▶ [EXERCISE REQUIREMENTS]:
Take from the entries below the stretch from the line with "Block Tower Pro - Trivia Game screenshot 3" through the line with "Yard Man by", and return it exactly, leaving the pictures out.

==== EXCERPTED DATA ====

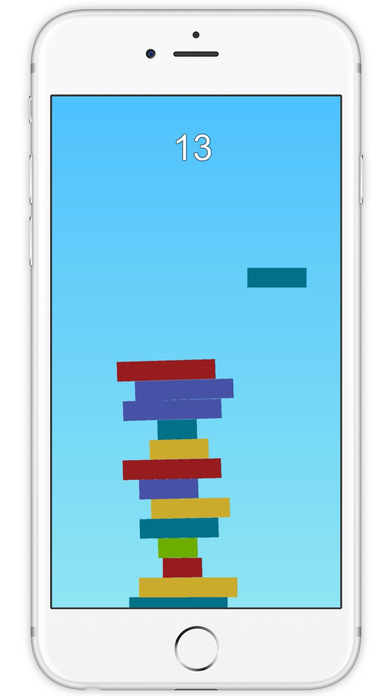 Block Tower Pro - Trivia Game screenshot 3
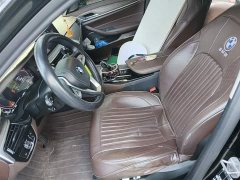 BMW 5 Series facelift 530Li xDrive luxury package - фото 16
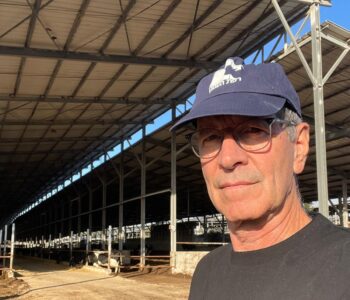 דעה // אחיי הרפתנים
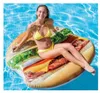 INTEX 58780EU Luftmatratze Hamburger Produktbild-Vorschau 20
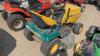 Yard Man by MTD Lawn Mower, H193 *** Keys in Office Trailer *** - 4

====
==== EXCERPTED DATA ====

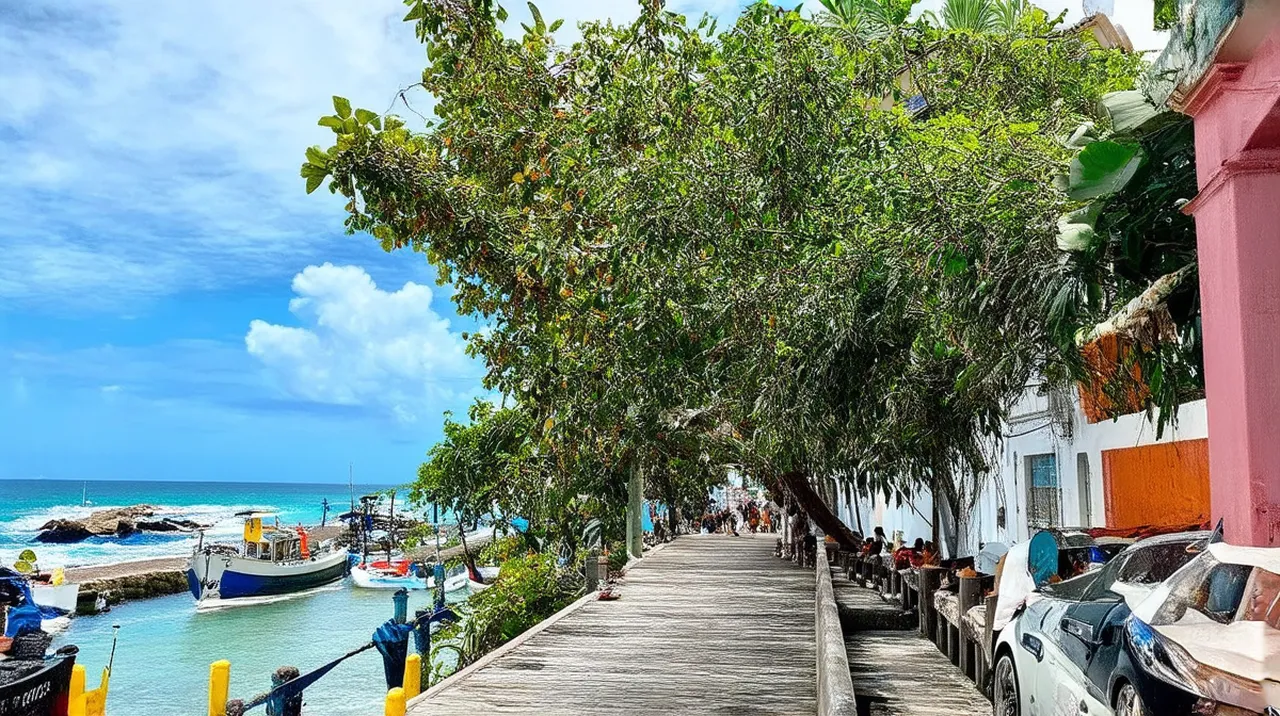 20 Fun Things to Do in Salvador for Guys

====

▶ [RESULT OF THE TASK]:
 Block Tower Pro - Trivia Game screenshot 3
 BMW 5 Series facelift 530Li xDrive luxury package - фото 16
 דעה // אחיי הרפתנים
 INTEX 58780EU Luftmatratze Hamburger Produktbild-Vorschau 20
 Yard Man by MTD Lawn Mower, H193 *** Keys in Office Trailer *** - 4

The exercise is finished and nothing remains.